**Task to carry out**. In the records below, find the line with "Het circus van doctor Dolittle - eBook" and the line with "Купить квартиру в". Print both exactly, along with every line between them, and no other line.

**Extracted records**.
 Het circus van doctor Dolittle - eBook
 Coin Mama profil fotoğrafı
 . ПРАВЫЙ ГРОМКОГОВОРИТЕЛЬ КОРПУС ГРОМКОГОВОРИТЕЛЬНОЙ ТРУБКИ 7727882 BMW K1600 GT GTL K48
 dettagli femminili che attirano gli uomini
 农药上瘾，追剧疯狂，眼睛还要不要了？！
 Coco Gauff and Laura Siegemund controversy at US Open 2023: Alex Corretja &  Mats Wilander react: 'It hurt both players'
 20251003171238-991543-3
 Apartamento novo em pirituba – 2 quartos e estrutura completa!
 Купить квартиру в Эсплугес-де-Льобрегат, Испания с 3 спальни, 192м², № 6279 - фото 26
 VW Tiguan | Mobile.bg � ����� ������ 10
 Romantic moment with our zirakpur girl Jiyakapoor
* * *
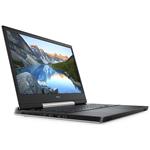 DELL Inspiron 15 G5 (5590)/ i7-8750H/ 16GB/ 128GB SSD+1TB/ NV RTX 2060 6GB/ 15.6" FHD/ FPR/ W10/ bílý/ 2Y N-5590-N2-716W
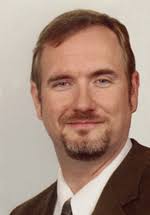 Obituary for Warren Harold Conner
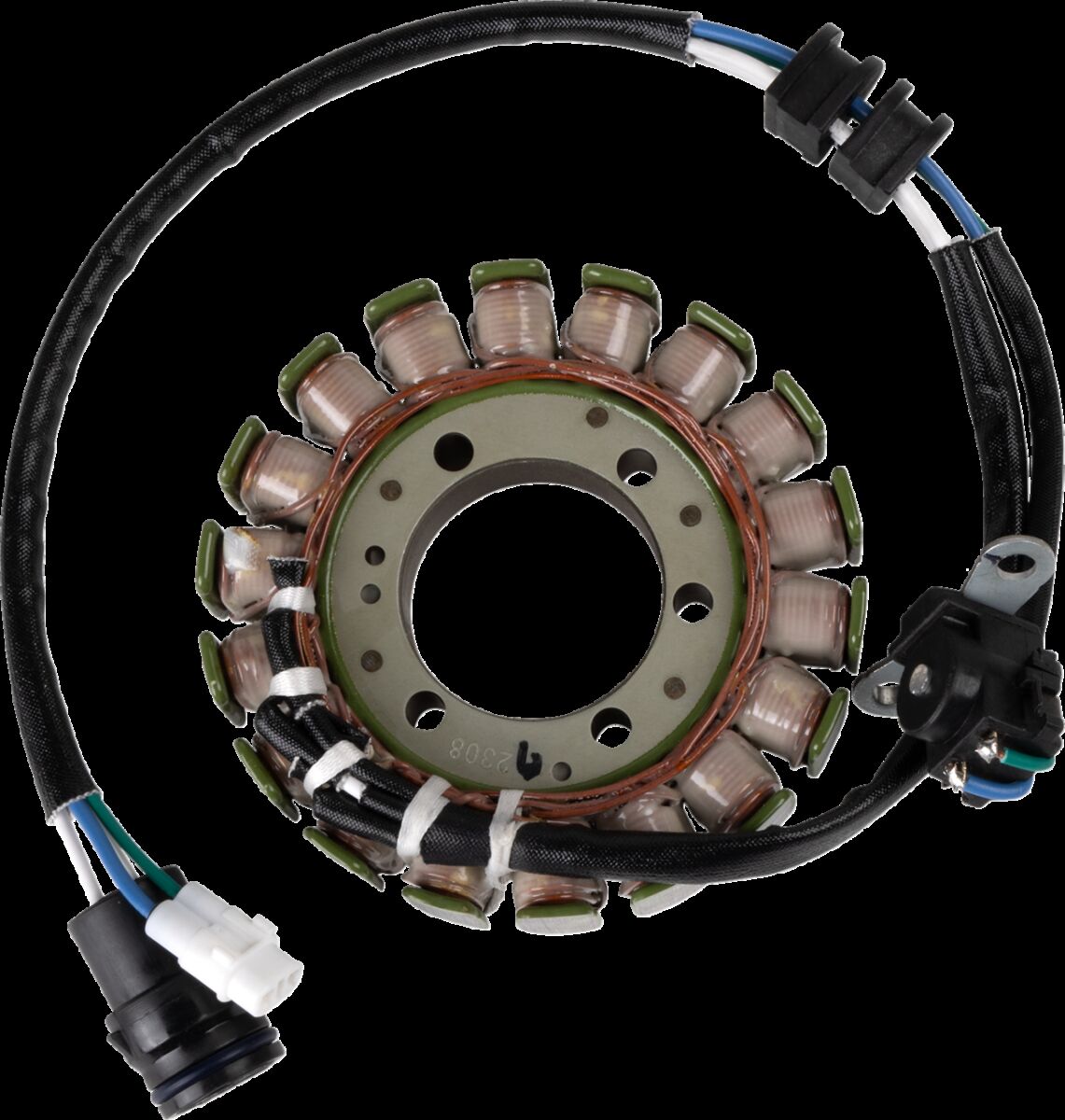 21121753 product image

**Solution to this task**.
 Het circus van doctor Dolittle - eBook
 Coin Mama profil fotoğrafı
 . ПРАВЫЙ ГРОМКОГОВОРИТЕЛЬ КОРПУС ГРОМКОГОВОРИТЕЛЬНОЙ ТРУБКИ 7727882 BMW K1600 GT GTL K48
 dettagli femminili che attirano gli uomini
 农药上瘾，追剧疯狂，眼睛还要不要了？！
 Coco Gauff and Laura Siegemund controversy at US Open 2023: Alex Corretja &  Mats Wilander react: 'It hurt both players'
 20251003171238-991543-3
 Apartamento novo em pirituba – 2 quartos e estrutura completa!
 Купить квартиру в Эсплугес-де-Льобрегат, Испания с 3 спальни, 192м², № 6279 - фото 26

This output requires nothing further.